Monday, September 10, 2018

A walk around

It's been a damp weekend here  meaning going out was more a matter of picking a spot when it was either dry for a short while or just drizzling a little and given how I've been over the last month or so such venturing out has taken me beyond my usual haunts.
I normally go into town which as more seasoned readers will have worked out is a rather old market town with black and white buildings just out of the sprawl of the North Staffordshire conurbation but closer to edges of it are still just about detached villages admittedly with much mid twentieth century ribbon development prevailing along the main road.
 There are for me two ways of starting this trek, one is on foot, the other is to take a bus so normally I walk from my place passing the woods around the local rather imposing Hall and vast Estate at Rode with farms passing the main Anglican church to arrive at Scholar Green.

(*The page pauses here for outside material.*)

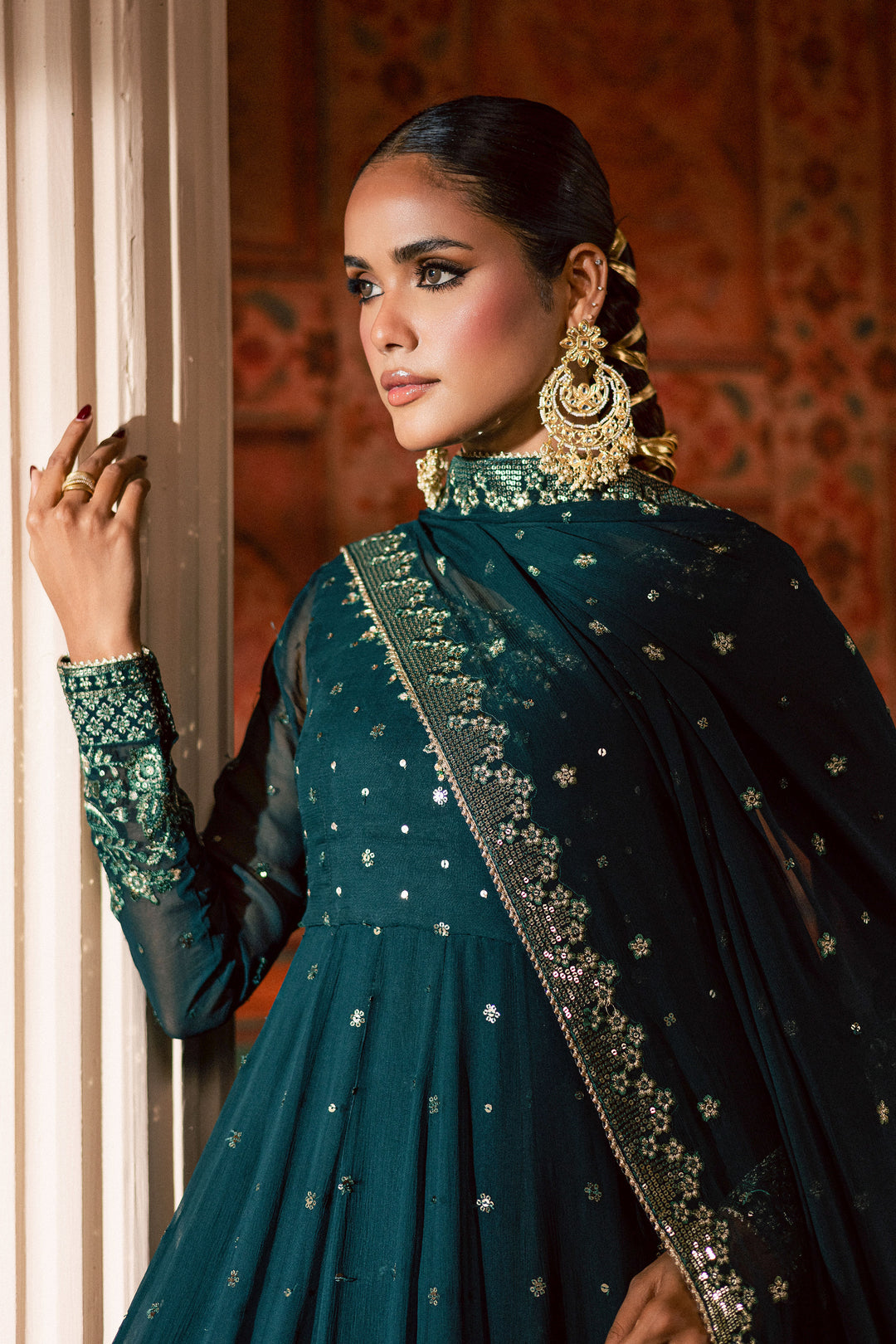  Emaline 3Pc - Chiffon Wedding Frock BATIKLuxePRET2025  BATIK   S / Bottle Green / Raw Silk & Chiffon-M / Bottle Green / Raw Silk & Chiffon-L / Bottle Green / Raw Silk & Chiffon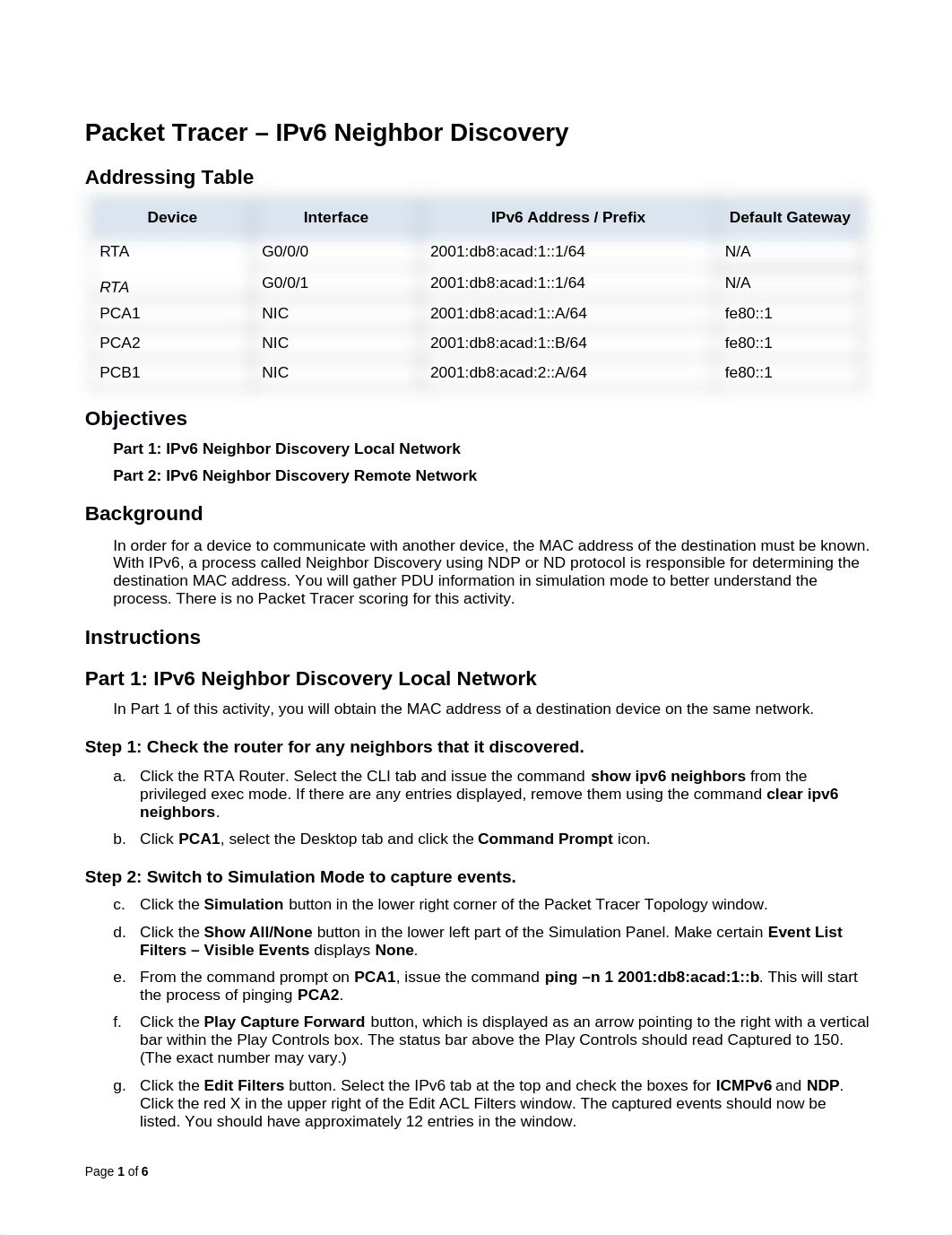 9.3.4 Packet Tracer - IPv6 Neighbor Discovery - completed.docx_d7ajkrfehmv_page1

As I was walking I noticed signs of the onset of the Fall such as the changes in colour of the leaves and that thanks to the recent rain, fields and gardens have started to repair themselves from the summers high temperatures.
Although in recent years the number of Public Houses has fallen, there remains rather more than what the local static population would warrant and one famed both for its food and ale plus its architecture which has a Grade Two Listing being built in 1936 replacing a older ne on the same site but having a thatched roof.
This does a great passing trade.
Passing it I walked toward Lawton Woods where you can toward the sprawl that starts from Red Bull and Butt Lane and doesn't stop until Blythe Bridge and Trentham in the south or the woods that form a part of the barrier between it and the cluster of detached villages that increasingly function as detached suburbs of the sprawl.
One thing I like about this area and it is also true for much of the South Staffs conurbation too is the relative ease in which for all the built up environment it is easy to get to the more quieter countryside that you can walk and enjoy the flowers, trees and farm life at a more slower pace.
It's a close to the best of both worlds you can get.